Problem details:
Would you repeat word for word the lines of the listing that follows, from the one with "G-Shock Mudmaster herren" up to and including the one with "Becs réfractaires durables", and leave out the images?

Provided information:
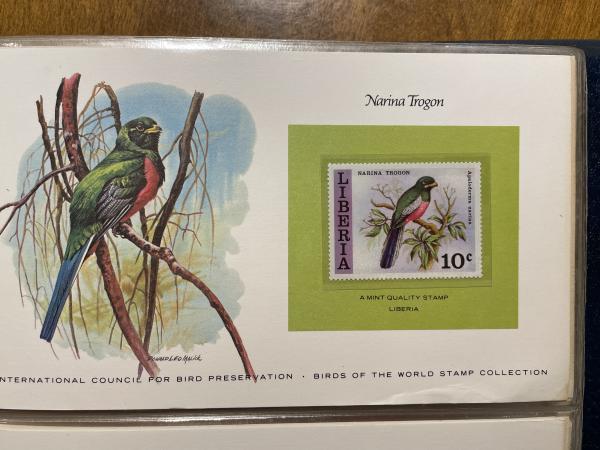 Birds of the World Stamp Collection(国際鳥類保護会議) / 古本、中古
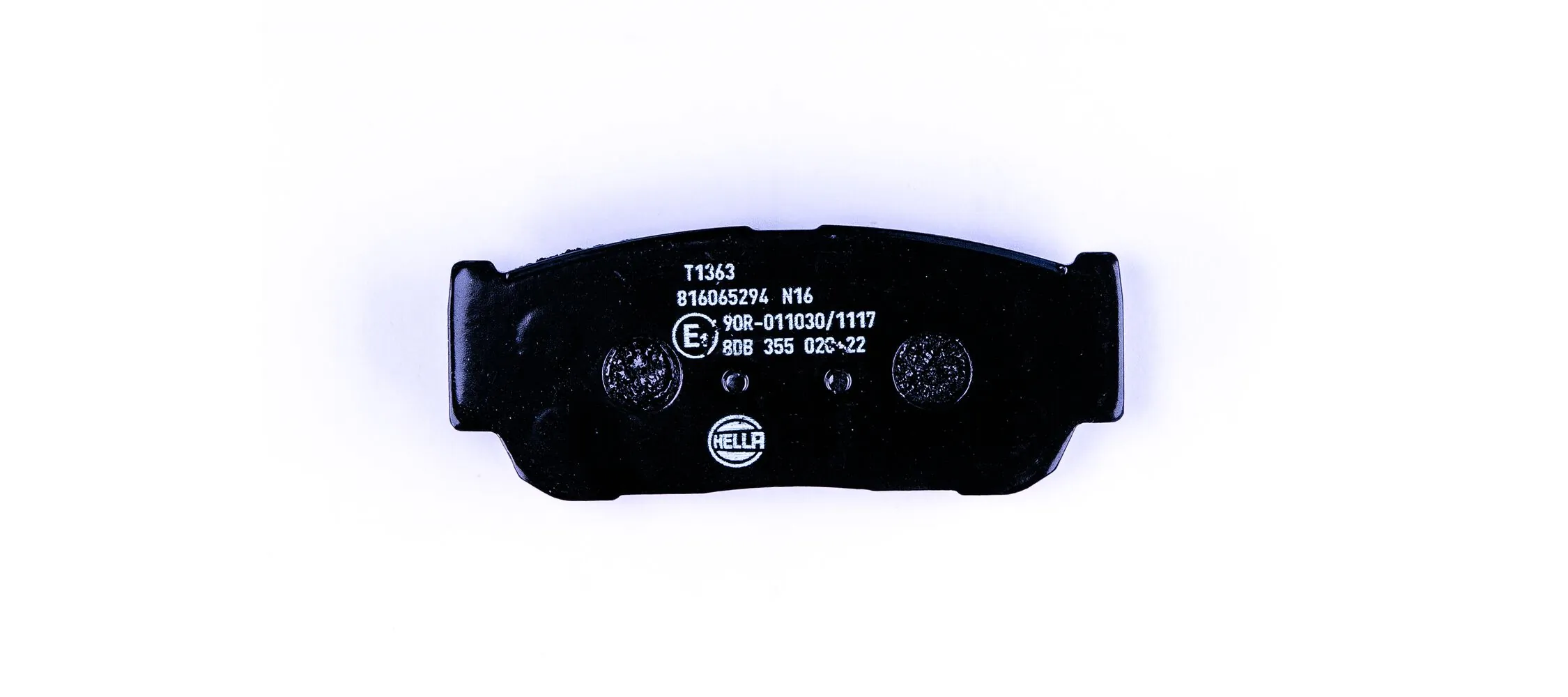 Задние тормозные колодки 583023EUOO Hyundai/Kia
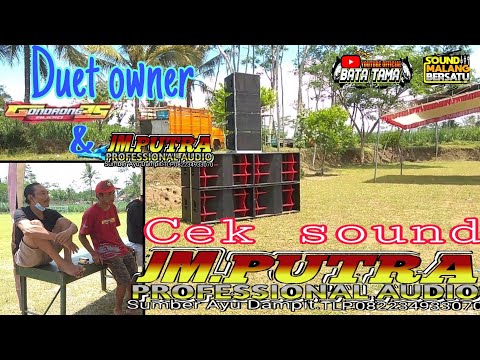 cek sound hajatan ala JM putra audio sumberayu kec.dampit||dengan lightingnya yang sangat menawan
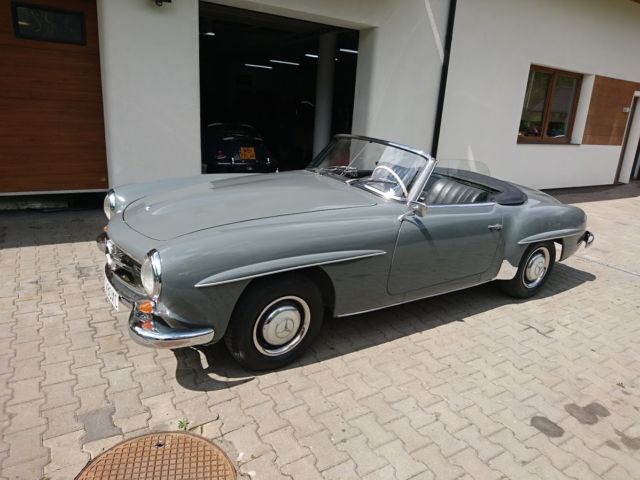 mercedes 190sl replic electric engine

==

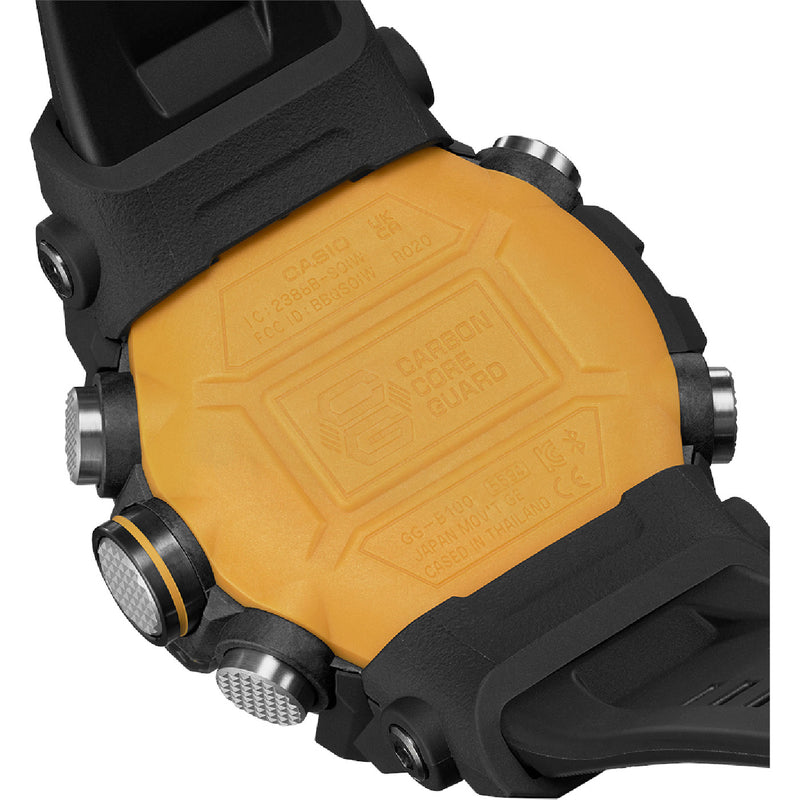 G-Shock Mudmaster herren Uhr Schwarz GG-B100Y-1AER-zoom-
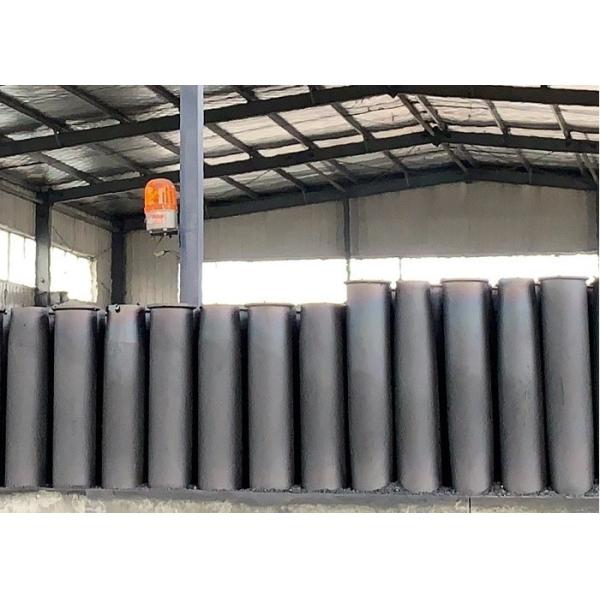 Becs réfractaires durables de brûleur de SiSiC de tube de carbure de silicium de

Result for this task:
 G-Shock Mudmaster herren Uhr Schwarz GG-B100Y-1AER-zoom-
 Becs réfractaires durables de brûleur de SiSiC de tube de carbure de silicium de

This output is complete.